After (and during) my trip to the Desert Botanical Garden, in Phoenix, Arizona, I borrowed cell phones wherever I could to get in touch with my ride to Tucson, Levi from the Society for Ecological Restoration (SER). The group is headquartered in Tucson, but Levi was at a conference in Phoenix and offered me a ride to the gateway to Sonora. SER is an interesting group in an emerging field, part scientific publisher, part trade guild, with ambitions to become a central communications hub. The last part started with the RESTORE email newsletter, to which members can post news and opportunities in ecological restoration. SER also operates the fledgling Global Restoration Network (GRN), which they are trying to build into a much-needed social network for restoration practicioners and other restoration-minded people.
Levi's job as Case Studies Coordinator for the GRN is to find, catalogue and document examples of restoration projects, which would make him extremely relevant to someone who is trying to visit and document examples of restoration projects. If I could ever get a hold of him. After leaving messages from multiple borrowed phones, I left him one final message from Annie´s phone while eating at a delicious vegan restaurant with her unexpectedly vegetarian housemate (note: if a vegetarian male doesn't look or dress at all like a hippie, he might be from Austin). We went on with the night, and I pretty much expected that I would have to find some alternate, and decidedly less awesome, way to get myself to Tucson.

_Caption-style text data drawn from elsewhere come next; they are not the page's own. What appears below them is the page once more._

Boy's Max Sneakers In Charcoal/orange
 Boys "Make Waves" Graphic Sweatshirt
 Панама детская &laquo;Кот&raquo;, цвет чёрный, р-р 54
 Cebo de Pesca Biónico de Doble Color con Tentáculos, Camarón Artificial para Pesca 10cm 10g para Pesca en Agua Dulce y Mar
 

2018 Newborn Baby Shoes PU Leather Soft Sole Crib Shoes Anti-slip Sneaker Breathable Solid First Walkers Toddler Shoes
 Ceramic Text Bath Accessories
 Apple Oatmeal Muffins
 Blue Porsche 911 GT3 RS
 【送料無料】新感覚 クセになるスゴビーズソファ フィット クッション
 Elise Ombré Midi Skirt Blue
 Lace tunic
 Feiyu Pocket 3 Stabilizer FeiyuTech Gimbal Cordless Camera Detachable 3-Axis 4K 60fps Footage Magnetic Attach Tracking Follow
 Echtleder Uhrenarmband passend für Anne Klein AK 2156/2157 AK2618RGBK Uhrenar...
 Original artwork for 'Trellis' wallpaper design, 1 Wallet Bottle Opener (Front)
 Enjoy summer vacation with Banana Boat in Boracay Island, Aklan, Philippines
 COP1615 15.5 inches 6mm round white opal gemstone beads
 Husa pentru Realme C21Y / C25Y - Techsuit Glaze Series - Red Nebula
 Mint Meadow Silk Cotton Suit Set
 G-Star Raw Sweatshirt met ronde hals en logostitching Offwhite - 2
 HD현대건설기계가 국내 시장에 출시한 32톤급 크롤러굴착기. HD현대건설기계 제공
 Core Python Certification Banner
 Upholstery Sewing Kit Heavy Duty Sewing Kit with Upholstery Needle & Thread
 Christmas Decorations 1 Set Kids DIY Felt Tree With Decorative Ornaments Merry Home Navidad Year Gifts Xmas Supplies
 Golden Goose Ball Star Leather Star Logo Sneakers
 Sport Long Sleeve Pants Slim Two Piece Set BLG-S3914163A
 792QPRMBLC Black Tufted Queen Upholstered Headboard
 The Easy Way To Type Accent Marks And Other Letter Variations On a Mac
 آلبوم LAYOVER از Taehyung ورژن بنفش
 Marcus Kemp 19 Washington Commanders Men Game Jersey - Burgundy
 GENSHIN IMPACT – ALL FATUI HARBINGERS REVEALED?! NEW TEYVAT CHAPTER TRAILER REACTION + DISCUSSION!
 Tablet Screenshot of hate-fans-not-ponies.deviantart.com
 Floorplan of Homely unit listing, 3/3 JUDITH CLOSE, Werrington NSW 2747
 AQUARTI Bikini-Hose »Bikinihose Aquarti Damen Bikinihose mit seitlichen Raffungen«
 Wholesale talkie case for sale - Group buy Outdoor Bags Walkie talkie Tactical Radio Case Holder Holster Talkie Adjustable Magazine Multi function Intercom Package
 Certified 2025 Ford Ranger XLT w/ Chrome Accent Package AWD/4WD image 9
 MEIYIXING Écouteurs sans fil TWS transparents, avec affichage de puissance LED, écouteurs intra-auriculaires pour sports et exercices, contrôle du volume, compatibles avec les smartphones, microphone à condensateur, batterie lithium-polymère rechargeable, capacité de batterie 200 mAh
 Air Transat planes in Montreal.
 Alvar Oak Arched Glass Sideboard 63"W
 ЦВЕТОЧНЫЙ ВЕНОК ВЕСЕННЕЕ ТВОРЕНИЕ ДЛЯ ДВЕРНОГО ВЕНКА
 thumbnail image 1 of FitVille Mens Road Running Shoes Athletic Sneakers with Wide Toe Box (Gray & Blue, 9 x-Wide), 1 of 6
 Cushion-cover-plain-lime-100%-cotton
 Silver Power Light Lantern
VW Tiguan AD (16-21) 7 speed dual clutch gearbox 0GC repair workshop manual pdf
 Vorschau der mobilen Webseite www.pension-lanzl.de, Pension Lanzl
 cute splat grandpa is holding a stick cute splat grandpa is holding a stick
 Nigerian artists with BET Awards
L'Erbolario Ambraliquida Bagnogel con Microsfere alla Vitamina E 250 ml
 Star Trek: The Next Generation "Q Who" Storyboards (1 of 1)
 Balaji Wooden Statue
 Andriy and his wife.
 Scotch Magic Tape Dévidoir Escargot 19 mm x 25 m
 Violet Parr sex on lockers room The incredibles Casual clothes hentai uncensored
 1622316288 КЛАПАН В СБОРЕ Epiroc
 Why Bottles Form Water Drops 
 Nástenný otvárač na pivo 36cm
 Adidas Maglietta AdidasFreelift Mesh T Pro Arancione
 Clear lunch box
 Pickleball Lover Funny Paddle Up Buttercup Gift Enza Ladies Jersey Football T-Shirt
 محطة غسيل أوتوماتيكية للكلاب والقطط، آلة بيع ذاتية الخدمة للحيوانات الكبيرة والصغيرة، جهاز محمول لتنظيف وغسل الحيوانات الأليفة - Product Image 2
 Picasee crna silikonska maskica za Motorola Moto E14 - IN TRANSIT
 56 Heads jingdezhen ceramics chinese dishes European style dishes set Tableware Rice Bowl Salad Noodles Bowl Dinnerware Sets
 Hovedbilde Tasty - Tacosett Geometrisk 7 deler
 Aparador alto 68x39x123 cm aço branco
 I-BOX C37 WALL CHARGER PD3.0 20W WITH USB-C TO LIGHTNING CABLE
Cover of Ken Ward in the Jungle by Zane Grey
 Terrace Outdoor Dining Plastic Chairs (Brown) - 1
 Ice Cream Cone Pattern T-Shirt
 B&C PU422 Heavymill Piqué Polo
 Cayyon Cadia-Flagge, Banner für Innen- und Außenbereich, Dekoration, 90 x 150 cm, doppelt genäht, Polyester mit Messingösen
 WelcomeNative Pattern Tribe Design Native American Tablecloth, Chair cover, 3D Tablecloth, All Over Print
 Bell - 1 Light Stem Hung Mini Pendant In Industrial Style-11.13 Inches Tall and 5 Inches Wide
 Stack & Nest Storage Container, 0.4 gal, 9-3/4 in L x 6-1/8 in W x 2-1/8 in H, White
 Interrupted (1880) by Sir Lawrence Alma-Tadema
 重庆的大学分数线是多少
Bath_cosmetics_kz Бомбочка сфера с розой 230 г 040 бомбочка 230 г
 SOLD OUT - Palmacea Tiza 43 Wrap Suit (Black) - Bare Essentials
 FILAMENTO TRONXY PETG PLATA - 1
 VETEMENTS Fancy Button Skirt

I woke up the next morning to a phone call on Annie's phone. It was Levi, who had gotten all my messages but had fallen victim to my knack for bad timing, getting every one of my calls during a meeting, speech or meal. An hour later, after a very grateful goodbye to Annie, we were on the road, and talking about all sorts of awesome restoration and permaculture projects. Levi orginally got into this stuff through anthropology, so he knows a lot about what restoration folks call "traditional ecological knowlege." Otherwise known as ecological common sense, its an element that is often missing in both Western culture and Western science.
I nerdily started writing stuff down, and as we drove through the Arizona desert we started talking about all the interesting stuff that goes on in Arizona, like ArcoSanti and Biosphere 2. When I mentioned the latter, Levi casually remarked that we would be passing by a few miles from the site where 8 people attempted to seal themselves in a closed ecosystem for two years. I couldn't control myself. I immediately turned to him and said, in the voice of a small child near disneyland, "Can we go see it?"